Je donne maintenant suite à cette palpitante histoire de biscuits au terme de laquelle nous avions convenu que le biscuit revendiqué par la compagnie Arachide était nouveau par rapport au biscuit de la firme Chocolat. Vous pouvez lire l’histoire ici .

En guise de conclusion du dernier billet, nous disions que la véritable question était de savoir s’il était évident d’ajouter des arachides à un biscuit à la place du chocolat. En gros, l’évidence – obviousness en anglais – est de savoir si une personne versée dans l’art serait arrivée directement et sans embûche à l’invention revendiquée en s’inspirant de l’art antérieur. Une personne versée dans l’art est généralement décrite comme une personne qui n’est pas inventeur et donc sans intuition, mais plutôt quelqu’un qui est habilité à exécuter des ordres sans trop se poser de questions.

Reprenons donc le cas hypothétique des biscuits. Une personne versée dans l’art pourrait être décrite dans cet exemple comme le cuisinier ou la cuisinière occasionnel qui suit des recettes à la lettre et qui n’est pas du genre à improviser. Cette personne versée dans l’art est donc quelqu’un qui ne fait que reproduire les recettes sans se poser de questions. Cette personne n’est pas du genre à remplacer des ingrédients, ou se lancer dans une recette s’il manque des ingrédients.

Donc, si l’art antérieur est le biscuit de Chocolat et que les arachides sont bien connues et utilisées dans diverses pâtisseries, la question est de savoir si la personne versée dans l’art aurait pensé à remplacer le chocolat du biscuit de Chocolat par des arachides, pour améliorer son goût. Dans ce cas-ci, l’examinateur aurait beau jeu d’argumenter qu’il aurait été évident d’ajouter des arachides, parce que lesdites arachides sont meilleures pour la santé que le chocolat (outre les allergies), tout en ajoutant du croquant.  L’examinateur pourrait ajouter que les arachides sont généralement compatibles avec ce type de biscuit. Difficile de contredire l’examinateur!

Peut-être qu’un meilleur exemple serait le biscuit suivant (exemple fictif évidemment):

1. Un biscuit comprenant:

un oeuf;

de la farine;

du sucre;

de la margarine;

de la poudre à pâte; et

du whisky.

L’ajout d’une cuillerée de whisky pourrait avoir été fait dans le but d’agir comme agent de conservation dans le biscuit, l’alcool retardant la prolifération de moisissures. Ainsi, l’ajout de whisky permet d’augmenter la durée de vie du biscuit, tout en lui ajoutant un bouquet sympathique. Par contre, le fait que le whisky fasse partie d’un ensemble qui soit cuit diminue les effets alcooliques de celui-ci. Ce fait est important si on considère que les premiers consommateurs de biscuits sont souvent des enfants en bas âge. Donc, si l’examinateur argumente qu’il aurait été évident d’ajouter du whisky au biscuit de Chocolat, l’argument à présenter irait comme suit :

« Une personne versée dans l’art n’aurait pas pensé ajouter du whisky compte tenu du fait que les biscuits sont typiquement mangés par des personnes en bas âge, à qui il faut généralement éviter de donner des produits alcoolisés. Par ailleurs, des propriétés ont été découvertes pour augmenter la durée de vie du biscuit en la présence du whisky, car le whisky empêche la prolifération des bactéries. On a d’ailleurs découvert que la cuisson atténue sensiblement le taux d’alcool, quitte à n’en laisser que quelques traces.
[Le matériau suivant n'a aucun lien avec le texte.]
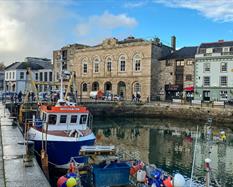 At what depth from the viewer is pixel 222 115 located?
3803 cm

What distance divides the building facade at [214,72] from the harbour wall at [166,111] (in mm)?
6681

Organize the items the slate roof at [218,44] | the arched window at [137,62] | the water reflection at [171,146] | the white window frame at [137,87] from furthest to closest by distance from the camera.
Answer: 1. the arched window at [137,62]
2. the white window frame at [137,87]
3. the slate roof at [218,44]
4. the water reflection at [171,146]

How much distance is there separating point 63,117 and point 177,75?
36606 mm

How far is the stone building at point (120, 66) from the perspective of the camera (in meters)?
52.5

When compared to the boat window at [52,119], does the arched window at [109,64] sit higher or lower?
higher

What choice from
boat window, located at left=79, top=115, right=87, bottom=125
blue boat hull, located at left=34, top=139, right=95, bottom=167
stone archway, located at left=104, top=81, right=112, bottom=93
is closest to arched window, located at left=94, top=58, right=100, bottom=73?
stone archway, located at left=104, top=81, right=112, bottom=93

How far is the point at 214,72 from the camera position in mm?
47094

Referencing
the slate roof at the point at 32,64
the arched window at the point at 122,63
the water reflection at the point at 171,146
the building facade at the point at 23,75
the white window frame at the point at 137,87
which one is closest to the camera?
the water reflection at the point at 171,146

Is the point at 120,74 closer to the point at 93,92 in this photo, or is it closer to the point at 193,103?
the point at 93,92

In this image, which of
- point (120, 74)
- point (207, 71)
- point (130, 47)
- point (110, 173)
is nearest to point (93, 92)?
point (120, 74)

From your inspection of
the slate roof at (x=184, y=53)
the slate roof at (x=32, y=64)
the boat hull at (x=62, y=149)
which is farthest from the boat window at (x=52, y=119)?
the slate roof at (x=32, y=64)

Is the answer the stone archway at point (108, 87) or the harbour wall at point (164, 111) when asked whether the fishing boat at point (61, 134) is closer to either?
the harbour wall at point (164, 111)

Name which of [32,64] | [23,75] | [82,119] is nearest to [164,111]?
[82,119]

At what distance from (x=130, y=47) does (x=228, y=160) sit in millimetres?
36881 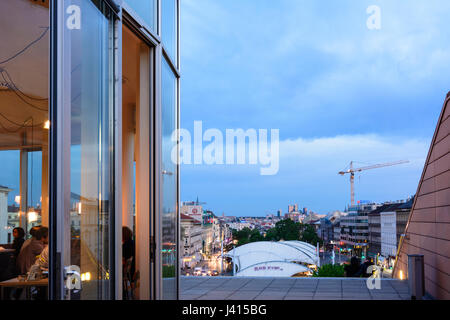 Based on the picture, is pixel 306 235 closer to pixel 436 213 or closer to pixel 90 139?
pixel 436 213

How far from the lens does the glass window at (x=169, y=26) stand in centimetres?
377

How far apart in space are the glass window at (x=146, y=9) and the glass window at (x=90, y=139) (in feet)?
1.80

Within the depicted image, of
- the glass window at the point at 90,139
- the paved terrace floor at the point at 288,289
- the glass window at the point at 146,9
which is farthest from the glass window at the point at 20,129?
the paved terrace floor at the point at 288,289

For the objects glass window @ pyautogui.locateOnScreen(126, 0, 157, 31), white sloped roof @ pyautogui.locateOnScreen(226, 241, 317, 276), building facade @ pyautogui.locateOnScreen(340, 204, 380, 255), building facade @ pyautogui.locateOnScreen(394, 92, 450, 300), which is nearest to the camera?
glass window @ pyautogui.locateOnScreen(126, 0, 157, 31)

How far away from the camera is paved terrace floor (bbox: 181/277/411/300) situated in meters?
5.67

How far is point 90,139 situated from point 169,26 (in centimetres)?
215

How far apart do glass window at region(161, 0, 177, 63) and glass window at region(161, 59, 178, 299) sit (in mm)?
197

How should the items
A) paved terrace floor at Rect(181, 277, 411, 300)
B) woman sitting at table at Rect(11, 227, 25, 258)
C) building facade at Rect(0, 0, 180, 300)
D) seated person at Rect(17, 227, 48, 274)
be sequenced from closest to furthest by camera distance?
building facade at Rect(0, 0, 180, 300), seated person at Rect(17, 227, 48, 274), woman sitting at table at Rect(11, 227, 25, 258), paved terrace floor at Rect(181, 277, 411, 300)

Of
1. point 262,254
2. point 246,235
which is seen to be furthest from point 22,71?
point 246,235

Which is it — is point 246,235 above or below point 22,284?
below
Donc une personne versée dans l’art n’aurait pas pensé à ajouter du whisky au biscuit pour les raisons mentionnées ci-haut. Une personne versée dans l’art n’aurait pas pensé aux propriétés de conservation du fait qu’elles n’étaient pas connues avant le dépôt de la demande de brevet. L’invention est donc non-évidente pour une personne versée dans l’art. »

Et ce type d’argument risque de fonctionner, du moins au Canada !  Le biscuit au whisky tel que revendiqué ne serait pas évident, et donc brevetable!